The stigmatization of Vancouver WA escorts has developed over many years. suggest that “this stigma has engendered a misconception of the sex worker as an uneducated and poor individual, leading to a generally socially-acceptable disrespect and discrimination of these individuals.” Many people will still use the term ‘prostitution’ to describe someone that sells sexual services. This term further stigmatizes sex workers with its negative connotations and associations of immorality, violence and degradation. As well as independent laws, other factors contribute to the negative view of sex workers. Religion, environment and upbringing all shape our perception of the world around us. And certainly, there is no doubt that some countries still practice religions that are patriarchal and treat escorts as existing primarily to please men.

Media

We have learned from the recent world pandemic that most people will form their views and opinions on what they are fed from mainstream media. How the media have portrayed sex workers has rarely been positive. This has not changed over the centuries. With the advancement of technology never has it been easier to research and use critical thinking skills to question information we are fed. Still, sadly, this remains the actions of the few,  rather than the majority. After all, isn’t it easier to follow an entrenched political narrative than challenge it?
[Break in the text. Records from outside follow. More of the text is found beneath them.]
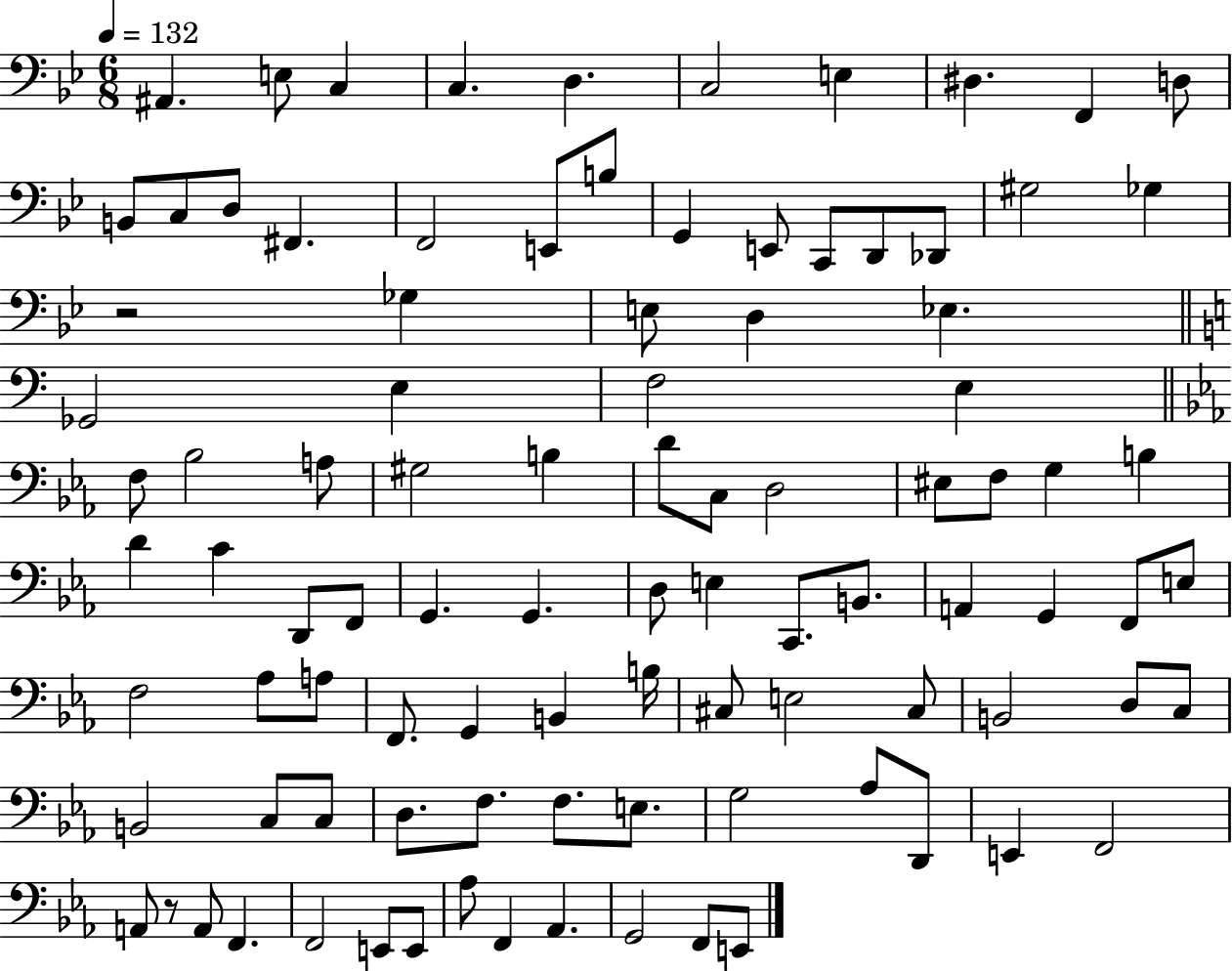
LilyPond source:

{
  \clef bass
  \numericTimeSignature
  \time 6/8
  \key bes \major
  \tempo 4 = 132
  \repeat volta 2 { ais,4. e8 c4 | c4. d4. | c2 e4 | dis4. f,4 d8 | \break b,8 c8 d8 fis,4. | f,2 e,8 b8 | g,4 e,8 c,8 d,8 des,8 | gis2 ges4 | \break r2 ges4 | e8 d4 ees4. | \bar "||" \break \key a \minor ges,2 e4 | f2 e4 | \bar "||" \break \key ees \major f8 bes2 a8 | gis2 b4 | d'8 c8 d2 | eis8 f8 g4 b4 | \break d'4 c'4 d,8 f,8 | g,4. g,4. | d8 e4 c,8. b,8. | a,4 g,4 f,8 e8 | \break f2 aes8 a8 | f,8. g,4 b,4 b16 | cis8 e2 cis8 | b,2 d8 c8 | \break b,2 c8 c8 | d8. f8. f8. e8. | g2 aes8 d,8 | e,4 f,2 | \break a,8 r8 a,8 f,4. | f,2 e,8 e,8 | aes8 f,4 aes,4. | g,2 f,8 e,8 | \break } \bar "|."
}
When rules are made, many people strictly adhere to them, without considering the said rule’s principles.

Of course, I am not saying that the laws of a country should not be obeyed. Most rules are there to keep us safe. But it is wise to consider the role storytelling plays in forming our opinions and adherence.
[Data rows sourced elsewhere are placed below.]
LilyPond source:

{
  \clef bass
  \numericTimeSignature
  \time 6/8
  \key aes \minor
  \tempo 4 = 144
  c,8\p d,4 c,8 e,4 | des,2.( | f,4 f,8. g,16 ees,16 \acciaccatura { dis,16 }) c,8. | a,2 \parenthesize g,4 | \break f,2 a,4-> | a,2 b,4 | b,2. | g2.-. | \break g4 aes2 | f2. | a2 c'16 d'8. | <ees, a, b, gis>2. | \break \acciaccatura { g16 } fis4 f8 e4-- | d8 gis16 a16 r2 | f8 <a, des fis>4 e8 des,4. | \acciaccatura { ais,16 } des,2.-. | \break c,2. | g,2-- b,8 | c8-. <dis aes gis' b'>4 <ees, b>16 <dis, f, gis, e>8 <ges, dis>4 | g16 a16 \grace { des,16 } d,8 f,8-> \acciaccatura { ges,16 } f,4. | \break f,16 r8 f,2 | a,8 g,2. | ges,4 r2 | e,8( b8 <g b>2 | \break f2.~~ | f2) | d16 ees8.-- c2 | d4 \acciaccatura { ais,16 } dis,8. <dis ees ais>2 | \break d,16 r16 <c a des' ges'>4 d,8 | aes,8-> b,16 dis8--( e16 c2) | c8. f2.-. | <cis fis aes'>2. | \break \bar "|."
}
If you think that working for an escort agency in Vancouver WA absolutely should be a crime, consider why you feel that way and what influences your view. Is it a purely independent outlook or are your thoughts shaped and governed by a selection of heavily biased information. It is useful to consider if our research is driven by confirmation bias.

Individual choice

It’s time to open the mind and engage our wonderful ability to think for ourselves. Sex is a natural and dominant instinct that we share with all animals. Whether we enjoy it within the sanctity of marriage or a partnership, let’s not deny it’s a driving force in our lives. The porn industry is a multi-million-pound business, with millions of workers.

Do not assume that because a person is selling their body that they have no self-respect or cannot earn money in other ways.

Celebrating sexuality as an escort or massage girls in Vancouver WA is a large stride on the journey to equality. escorts everywhere have the right to decide how they want to use their body. Working in the sex trade is a human right. Despite the debate, decriminalizing sex work would protect workers by enabling them to enjoy and receive all the benefits of other job roles. Making sex work illegal encourages violence and crime and further reinforces the cultural narrative.

We hear the word degradation used a lot concerning sex work. But I ask you; If a person engaging in an activity is doing so willingly and receiving pleasure in doing it, is that act still classed as degrading? Of course not,  because degradation denotes a feeling of shame and humiliation. If a sex worker enjoys her job, then no one has the right to assume she is being degraded. According to a study led by, Dr Sanders found that 70% of Vancouver WA escorts previously had professional jobs and more than a third had university degrees. Interestingly, most commented that they enjoyed their job and found it flexible, although slightly fearful of the ‘stigma’ associated with the work.

So, has society’s viewpoint changed? Although I cannot speak for individual thoughts, society, in general, still views sex work as seedy and demeaning. Criminalising the sex industry is still common in many countries. You don’t have to be a hardcore feminist to conclude that we really need a radical change in how we process information and absorb social narrative. As is the case with gender issues, opinions may have changed, but behaviour certainly hasn’t; however, that is a subject for another day.